That's harder to pull off now. The big news in the world these last two weeks has been the latest mass shooting at a school - another horror show, with the usual reactions in the wake... But a twist - this time the survivors of the attack immediately took to the streets and TV camera and their social media accounts to demand gun control. They've been driving the conversation - they are putting the NRA defenders on their heels a bit. Publicly, I guess you could say: Marco Rubio might look like he's about to cry when he's on stage, but we all know he can comfort himself by counting the 0's on his NRA campaign contributions. The subject is a hard one to say anything new about - there's no real mystery about how to address the problem: gun control. The usual sensible, limited responses - ban assault rifles and military gear; longer waiting periods, stronger background checks, closing loopholes for buying guns, imposing more national laws, so you can't buy a gun off the shelf in one state and drive to the next state to gun down some teenagers. And most of this is very popular, and would pass easily, if it were put to a referendum (and everyone voted.) But that isn't the problem - the problem is that the Republicans control the legislature (and presidency, though that's not where this can be solved), and they are on board all the way with the NRA. And well compensated for it.

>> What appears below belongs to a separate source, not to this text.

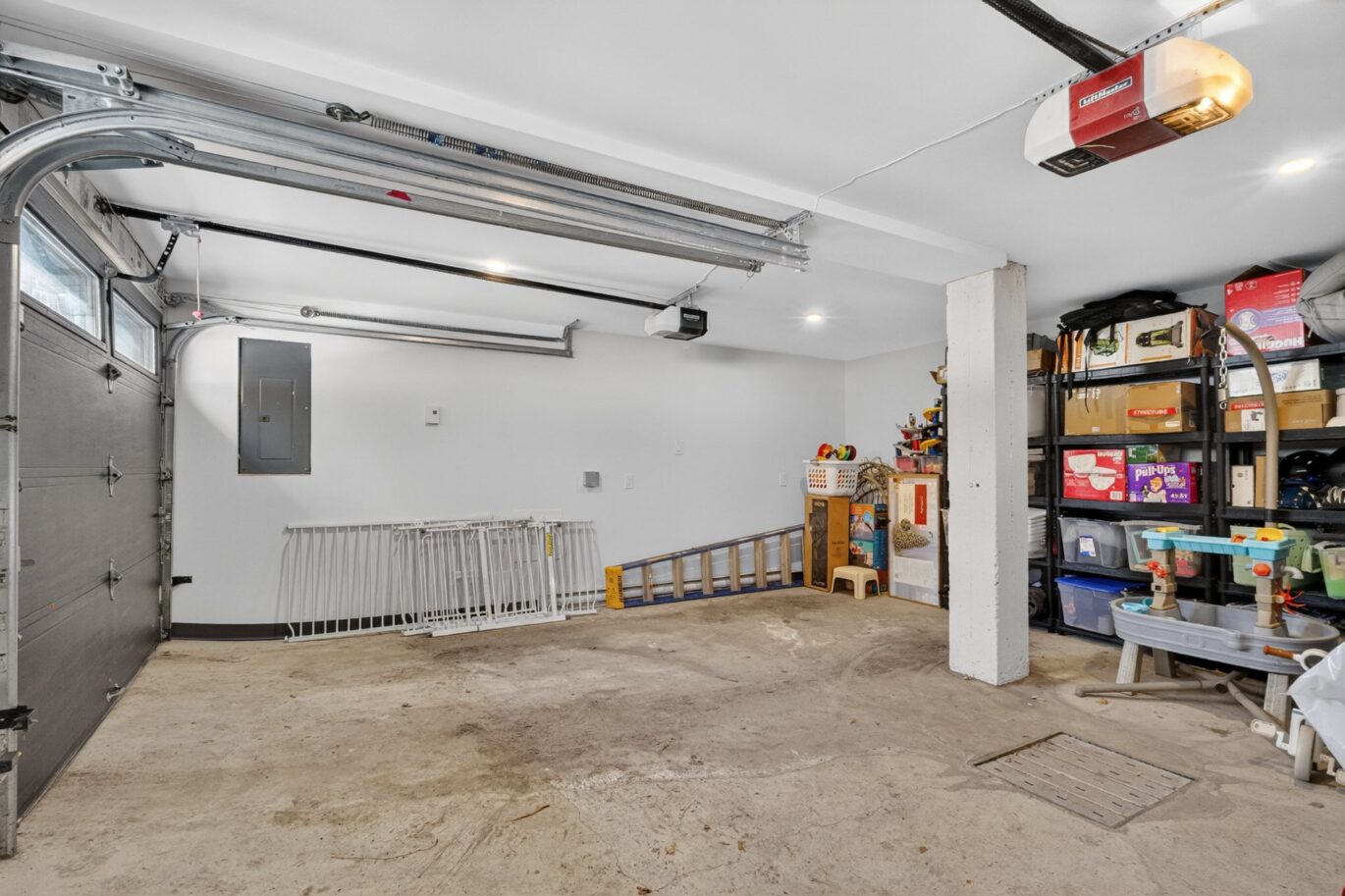 215 Rue Dufferin  Hampstead (Montréal)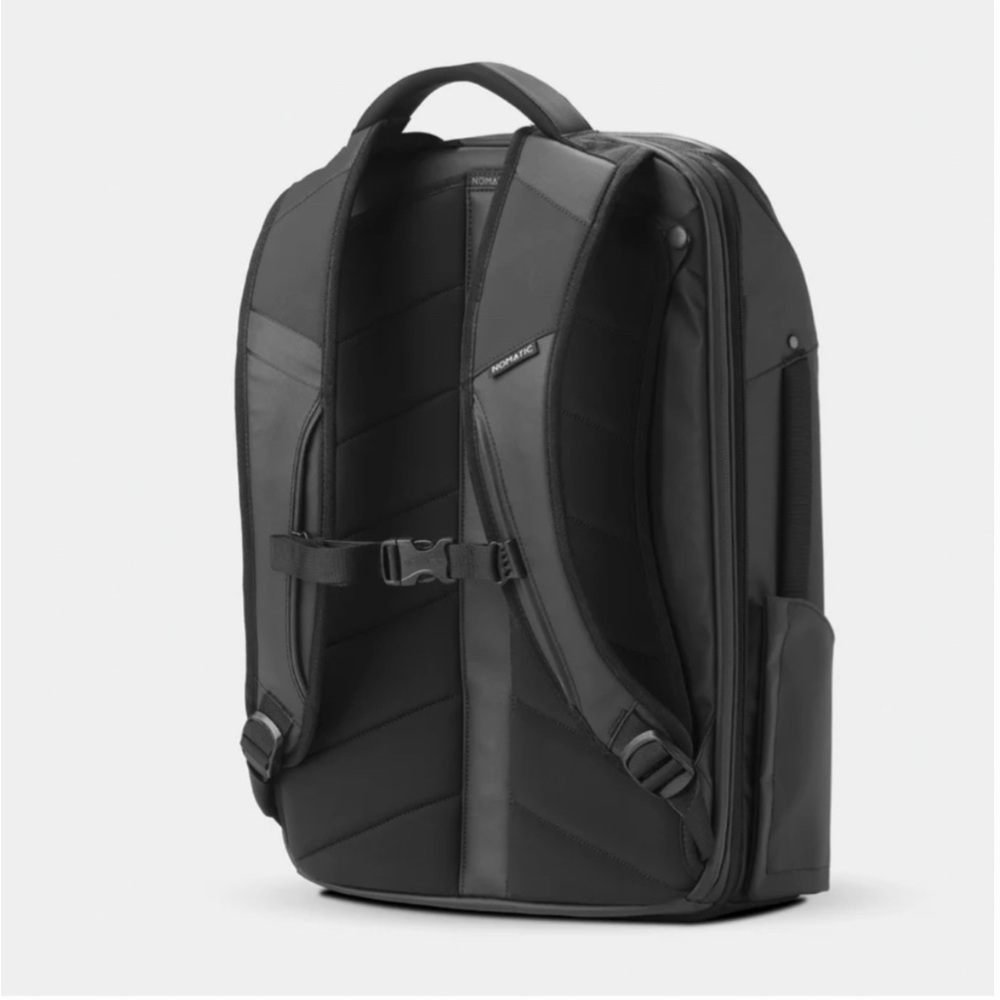 Nomadic Travel Pack Backpack - Picture 3 of 9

It's another instance of the failure of democracy in this country - the public supports gun control, like they support public health insurance - but that will never pass. Or - it will not pass until Democrats control the legislatures again. People skirt around the fact, talk bout "politicians" or "congress" as though the reason nothing gets done is that no legislators support gun control - but that is not true. This is a partisan problem. This problem is caused by the Republican party. Democrats would pass something - by the time they were done, it would be watered down and ineffective, but it would be something, it would save couple thousand lives a year, and Republicans would run against it because it didn't go far enough (pure shamelessness is part of their MO) - but it would pass. But nothing will pass with Republican votes.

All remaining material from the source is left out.